En novembre dernier, les éditions Grasset publiait Le génie lesbien, un ouvrage qui vient «mettre au jour un petit bout du continuum de l’oppression machiste», comme l’écrit son autrice, Alice Coffin. Âgé de 41 ans, comme une certaine Simone de Beauvoir qui publiait Le Deuxième Sexe en 1949, l’autrice française constate que les combats d’hier, liés aux femmes de la diversité sexuelle, sont malheureusement toujours d’actualité. D’ailleurs, la publication de l’ouvrage fait polémique en France, sans compter plusieurs menaces de mort à l’encontre de son autrice.
Entrevue avec une militante, journaliste et enseignante, qui n’a pas froid aux yeux et qui n’a pas peur des mots, dans un ouvrage courageux et féministe alliant le personnel au politique.
La dédicace stipule que le livre voit le jour grâce à votre conjointe Silvia Casalino. Le processus d’écriture n’a pas dû être facile, vu les vérités personnelles et collectives énoncées. Quelle est sa genèse?

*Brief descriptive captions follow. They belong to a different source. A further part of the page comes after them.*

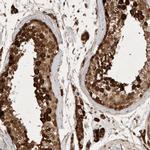 FAM221A Antibody in Immunohistochemistry (IHC)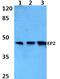 Prostaglandin E Receptor 2 antibody, GTX66688, GeneTex, Western Blot image 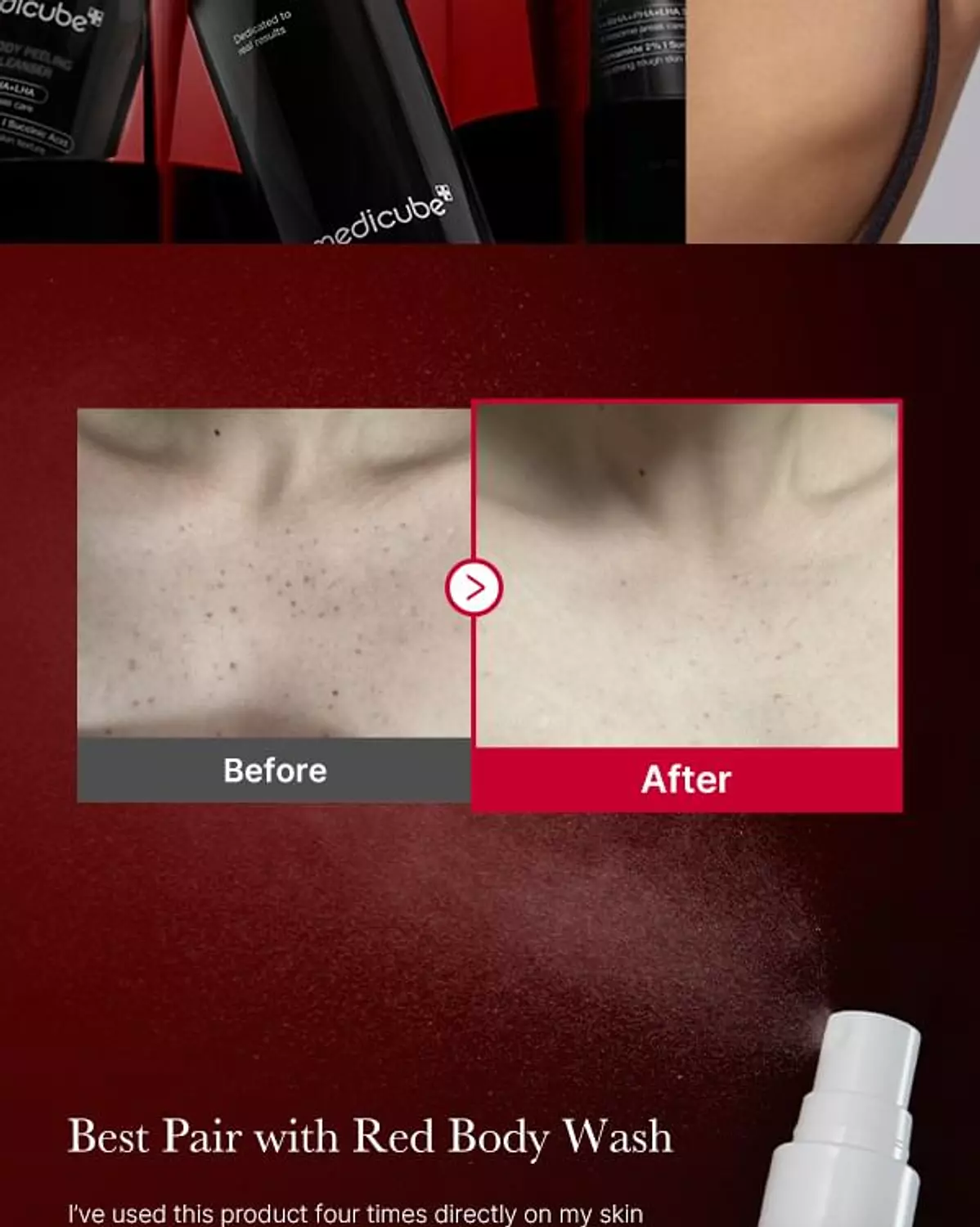 Medicube - Red Acne Body Peeling Shot 1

Je suis émue que vous mentionniez cette dédicace, car on m’en parle rarement en entrevue. C’était important pour moi de le dire, elle m’a beaucoup soutenue. Oui, le personnel est
politique et mon histoire, ma vie de militante lesbienne, ne peut pas être séparée d’autres militantes, amies ou amours. Il y avait cette volonté d’écrire des histoires qui, je trouve,
auraient dû être racontées par des journalistes français. Simplement, ils ne s’en occupent pas, car pour eux le mouvement féministe et lesbien n’est pas d’une importance suffisante pour que ça fasse l’objet d’articles ou d’ouvrages. C’est important d’écrire cette histoire, nous-mêmes, sinon personne ne va la raconter!
Dans le livre, vous racontez d’ailleurs vos délicieuses actions militantes au sein du collectif féministe La Barbe. Vous avez cofondé l’Association des journalistes LGBT, la Conférence Européenne Lesbienne et la LIG (Lesbiennes d’Intérêt Général).

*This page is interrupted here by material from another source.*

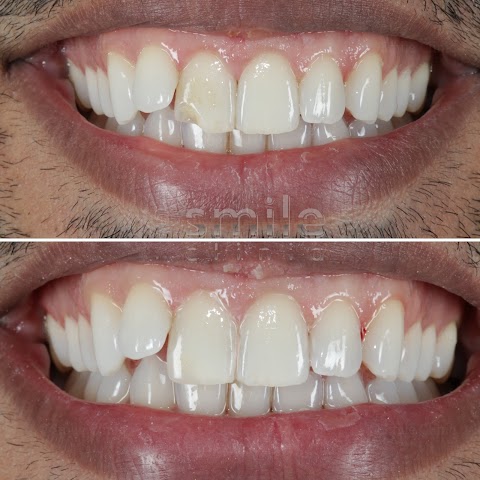 Smile Cliniq - St Johns Wood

En France, il y a une délégitimation du militantisme, c’est-à-dire qu’en tant qu’activiste,
on n’est pas reconnu comme des personnes, qui pourtant moi je trouve, créent des œuvres. Donc c’est important de passer par cette forme du livre – qui a une légitimation très forte en France – pour asseoir le contexte de force.
Le livre a une bonne dose d’humour, de vérités et l’esprit militant des lesbiennes des années 70. Pourtant, si l’on en croit la réception critique en France, peu semblent s’intéresser à l’univers lesbien, au point de lire l’ouvrage, au-delà du titre?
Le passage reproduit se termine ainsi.